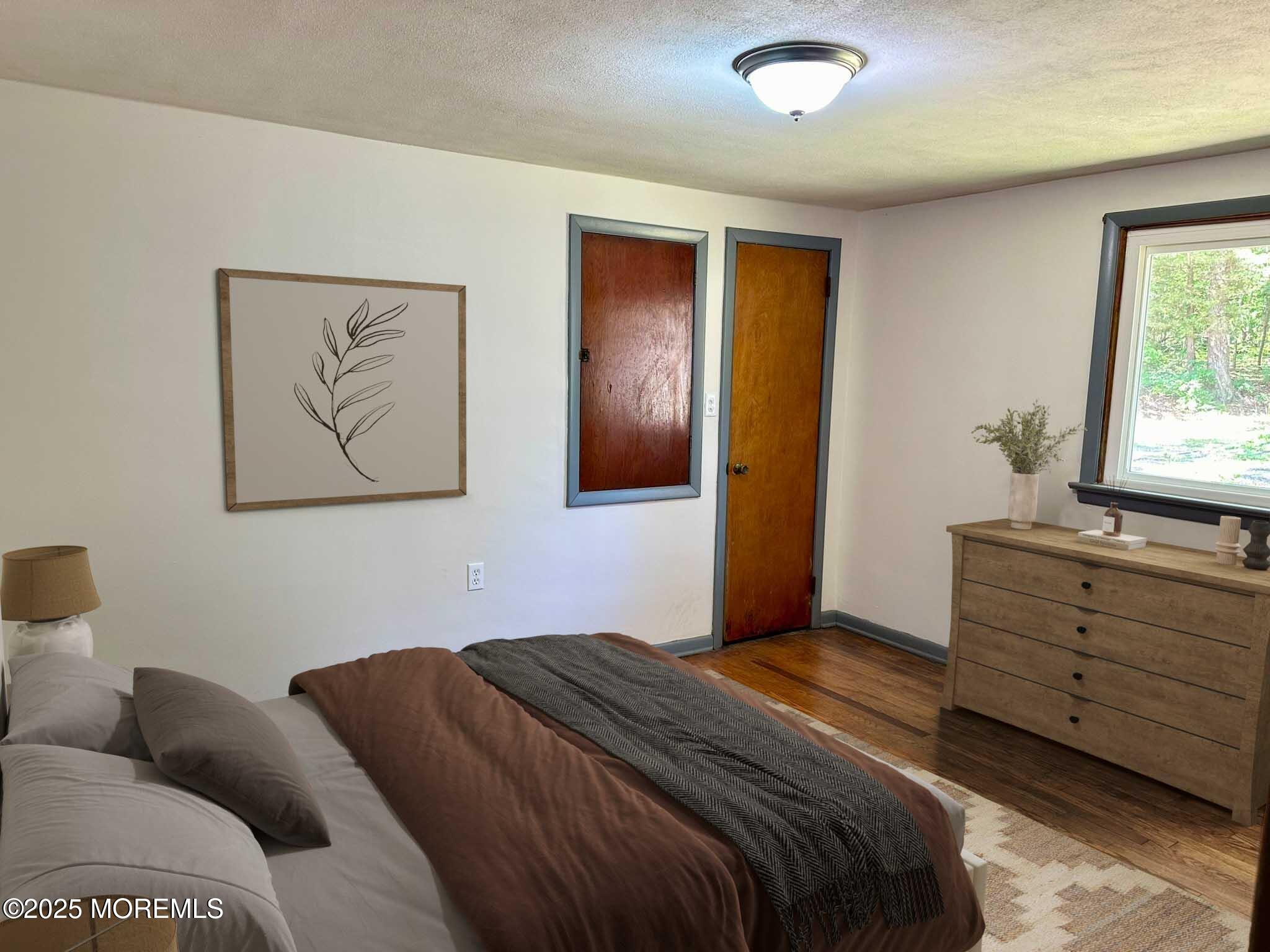 135 South Main Street Barnegat, NJ 08005 - Photo 29 of 35 a bedroom with a bed and a window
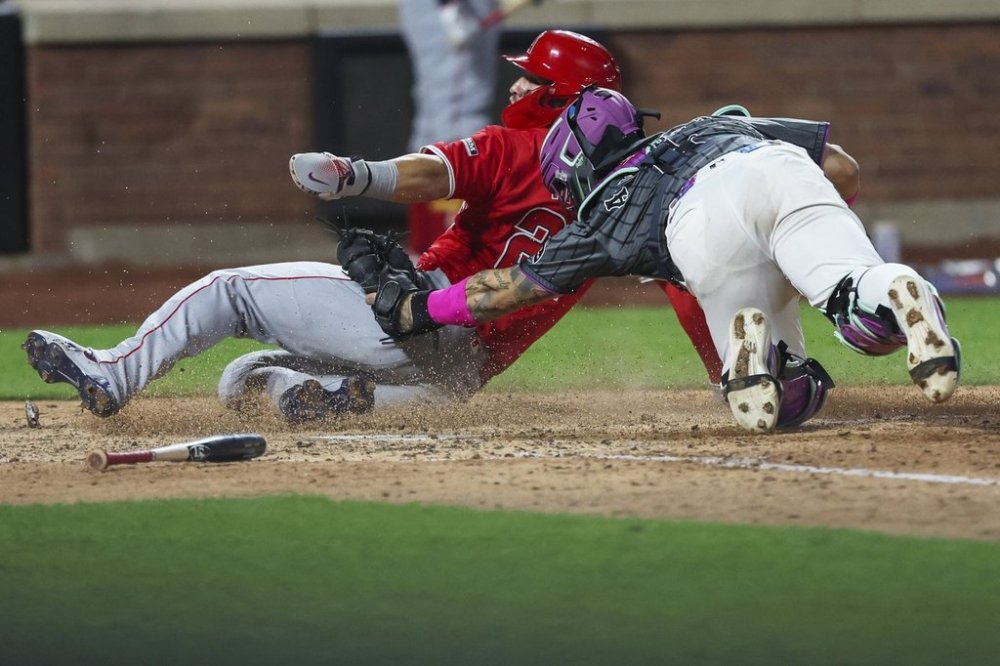 Los Angeles Angels' Mike Trout, left, is tagged out at home plate by New York Mets catcher Francisco Alvarez, right, during the seventh inning of a baseball game, Monday, July 21, 2025, in New York. (AP Photo/Heather Khalifa)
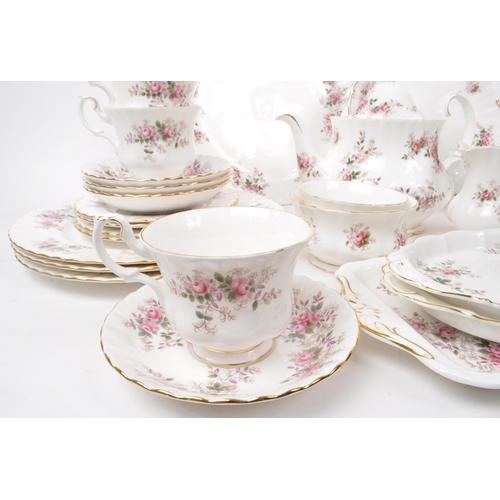 140 - Royal Albert - Lavender Rose - A collection of 1961 bone china tea service pieces, including a teapo... 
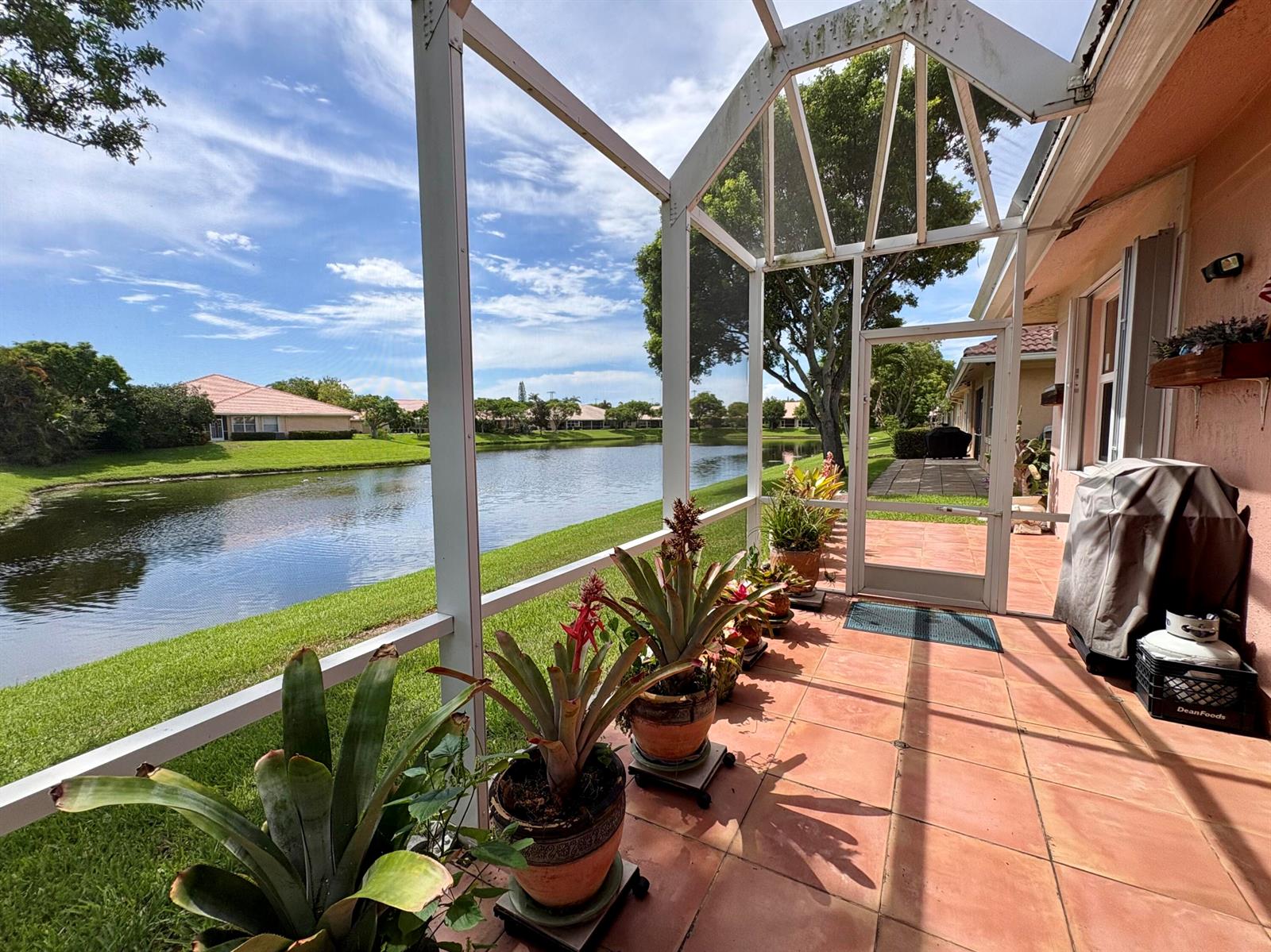 A screened-in patio with tile flooring overlooks a lake and neighboring houses — 315 Coral Trace Lane, Delray Beach FL 33445, DELRAY BEACH, FL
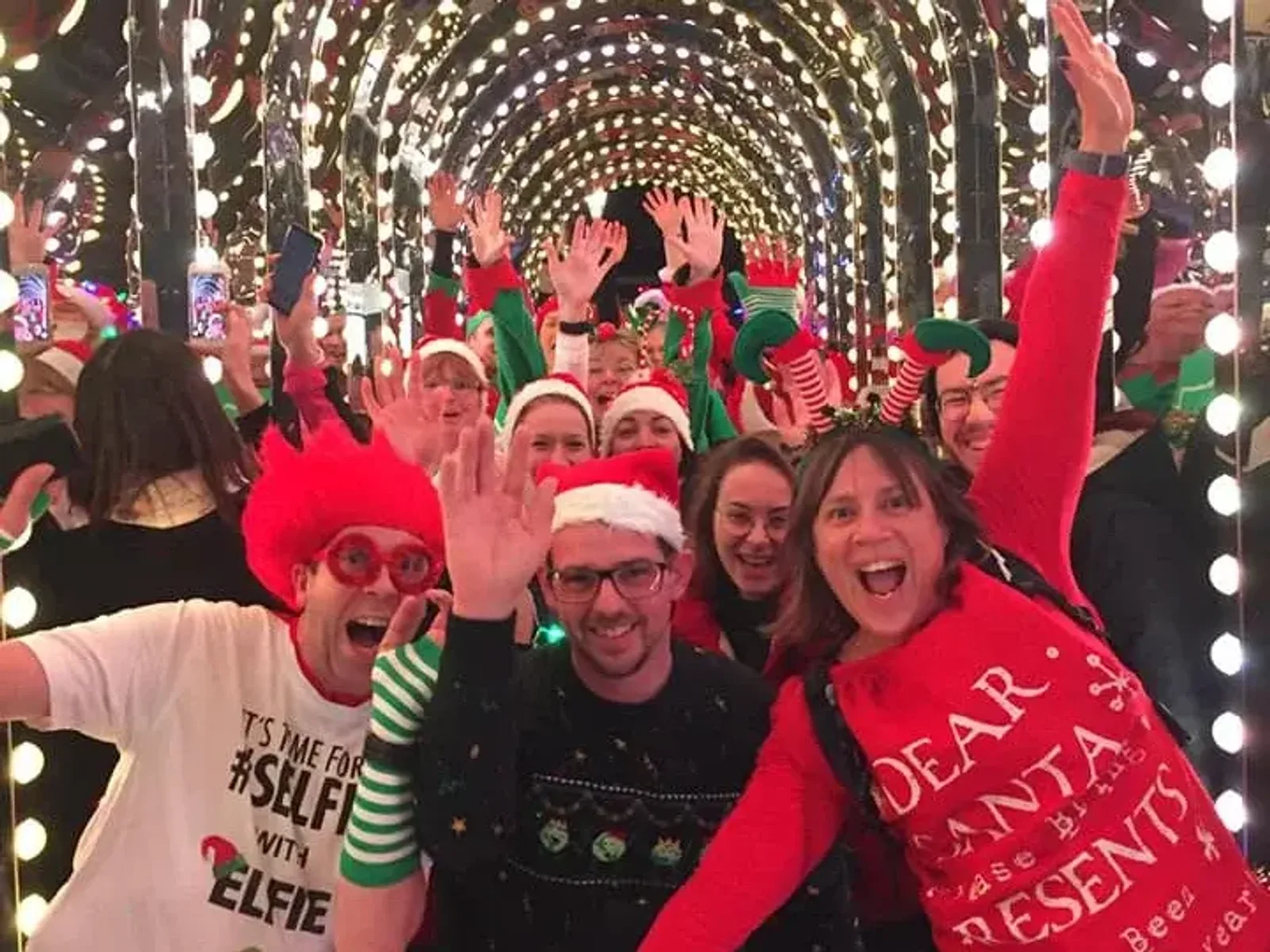 A group of cheerful people, some in festive sweaters, Santa hats, and holiday-themed costumes, pose happily in a tunnel decorated with strings of lights. They are smiling, waving, and celebrating the festive season.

## PROBLEM TO SOLVE
The lines wanted are those from the one with "A screened-in patio" to the end of the entries above, repeated exactly, both ends included. Leave out the pictures.

## SOLUTION
 A screened-in patio with tile flooring overlooks a lake and neighboring houses — 315 Coral Trace Lane, Delray Beach FL 33445, DELRAY BEACH, FL
 A group of cheerful people, some in festive sweaters, Santa hats, and holiday-themed costumes, pose happily in a tunnel decorated with strings of lights. They are smiling, waving, and celebrating the festive season.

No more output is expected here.